Par ailleurs, avez-vous bien mesuré les conséquences du rapprochement avec La Poste – et, donc, La Banque postale – et CNP Assurances ? Avez-vous conscience que vous prenez le risque, à trop banaliser la Caisse des dépôts, de lui faire perdre son statut dérogatoire, notamment au regard du droit européen, et de la faire entrer dans le droit commun des établissements bancaires ?

On peut faire la même remarque concernant Aéroports de Paris et La Française des jeux. Pourquoi se débarrasser d'infrastructures aussi essentielles que des aéroports, qui plus est ceux de Paris, plateformes internationales et principaux points d'entrée sur notre territoire, alors qu'aucun aéroport n'a été privatisé aux Etats-Unis et que l'organisation internationale qui réunit l'ensemble des compagnies aériennes a encore recommandé, en juin dernier à Sydney, de ne pas privatiser les aéroports ? Et concernant La Française des jeux, quelles garanties avez-vous que la France pourra garder ce monopole entre les mains de l'opérateur qu'elle aura choisi ?

Et tout cela pour quoi ? Un fonds de 10 milliards d'euros, certes, mais qui ne va générer que 250 millions par an ! Qui peut sérieusement penser que l'on pourra financer demain, dans ces conditions, l'innovation de rupture en France ?

Dernier point avant de conclure : la protection de nos intérêts stratégiques. Quel crédit accorder, à ce sujet, à celui qui, quand il était ministre de l'économie, a bradé et lâché Alstom, l'un de nos fleurons industriels ? Quel crédit accorder à un texte de loi qui promet de meilleures sanctions en cas de non-application de conditions qui ne sont, on le sait, presque jamais posées, alors qu'il aurait justement fallu les préciser et les renforcer dans ce texte ?

En conclusion de nos débats en commission spéciale, vous avez, madame la présidente, donné des statistiques : plus de 2 000 amendements étudiés pour cinquante heures de discussion.
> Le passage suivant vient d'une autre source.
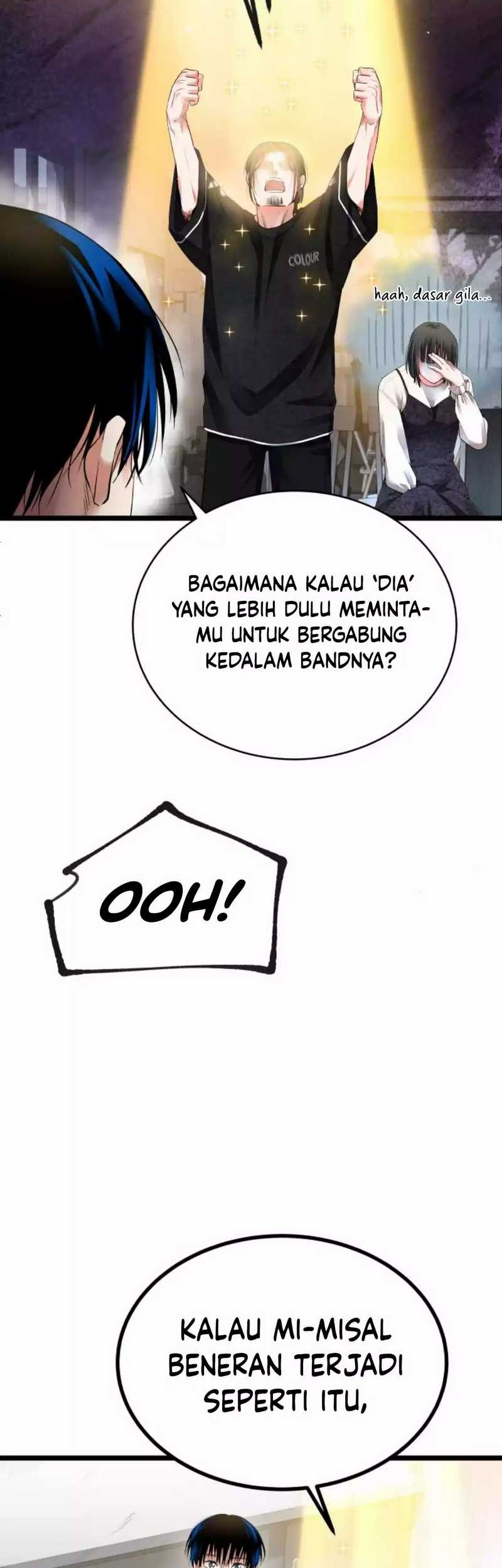 A Tidal Wave of Glory Chapter 36 - halaman 35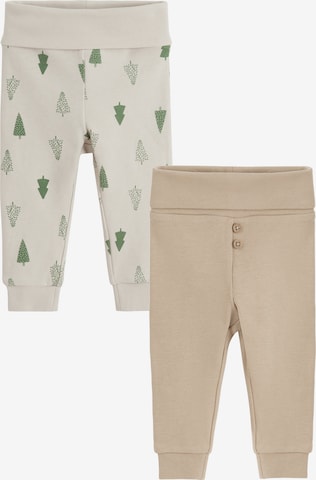 smėlio Cool Club Prigludęs Kelnės: priekis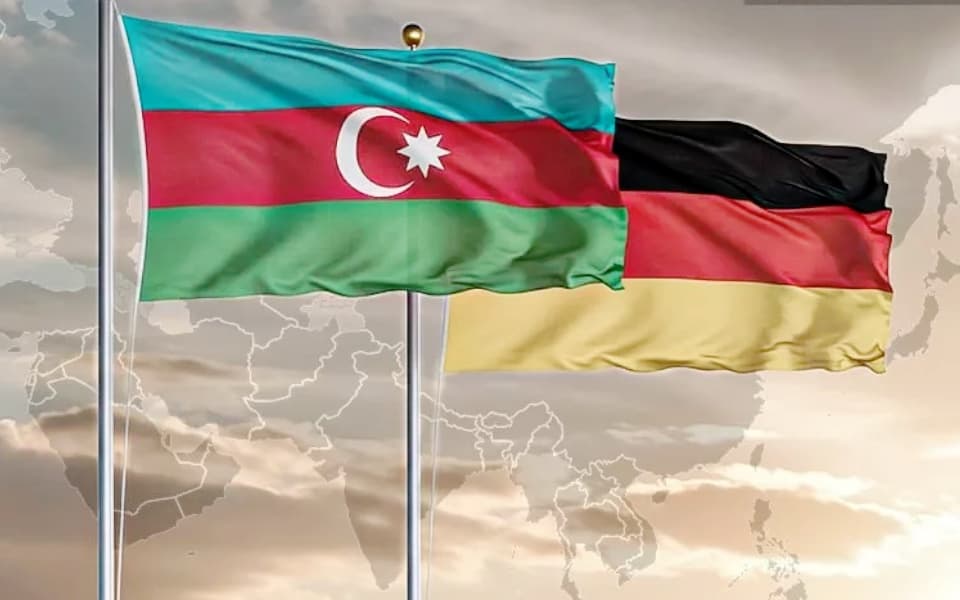 Azərbaycandan Almaniyaya sərmayə qoyuluşu artıb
Je profite de l'occasion pour compléter ce tableau.

Tout d'abord, je regrette que l'examen en commission spéciale ait eu lieu en même temps que celui du projet de loi Égalim en nouvelle lecture dans l'hémicycle, alors que nous avions été nombreux à suivre la discussion de ce dernier en première lecture. Je proteste quant à ces conditions de travail. La commission spéciale s'est bien passée et vous l'avez parfaitement présidée, madame la présidente – je me suis joint aux félicitations qui vous ont été adressées – mais reconnaissez tout de même que nous avons dû examiner ce texte au coeur de l'été et que, pendant une partie du travail, nous devions être présents en même temps dans l'hémicycle et en commission spéciale. Dès lors, un certain nombre de nos collègues ont été privés de commission spéciale parce qu'ils avaient privilégié le texte Égalim, et inversement pour les autres. Ce n'étaient pas de bonnes conditions de travail.

Ensuite, je constate que, en cinquante heures, à peine cinq amendements – et encore, je compte des amendements de pure forme – du groupe les Républicains ont été votés par la majorité, qui s'est arc-boutée sur les dispositions les plus critiques du texte.